Em Passo Fundo, em sua estrutura administrativa e logística, a Rede de Farmácias São João hasteou a bandeira símbolo do Estado. Em Gravataí, na Região Metropolitana, o gesto foi repetido: uma enorme bandeira está hasteada à beira da BR-290, numa "demonstração de respeito e carinho da Rede São João ao povo gaúcho", destaca a empresa.
Além disso, realizou mobilização com 34 caminhões de doações, chamada de "comboio da ação solidária", que levou donativos aos atingidos pela enchente em municípios da Região Metropolitana. A ação solidária organizada pela Rede de Farmácias São João angariou doações de inúmeros parceiros, indústrias, Associação Brasileira de Redes de Farmácias e Drogarias (Abrafarma) e pessoas físicas.

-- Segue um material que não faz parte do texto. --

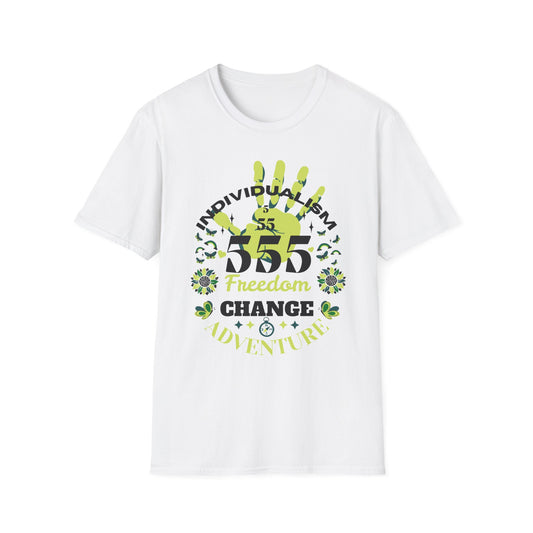 Angel Number 5 Unisex Softstyle T-Shirt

No Estádio Beira-Rio, a bandeira só pôde ser hasteada depois que a água da inundação baixou, ação idealizada pelo Conselho de Gestão do Clube como forma de homenagem às vítimas da enchente.
Quando Henrique da Costa passou em frente ao estádio, ficou comovido pela cena:
— A gente passa e parece que aquela bandeira está tremulando em câmera lenta. Então, a gente de fato fica consternado com a situação, sabe o porquê dela estar ali, mas ao mesmo tempo a gente entende a gravidade do momento e também, de certa forma, é um clamado para cada um fazer a sua parte — o pesquisador relata.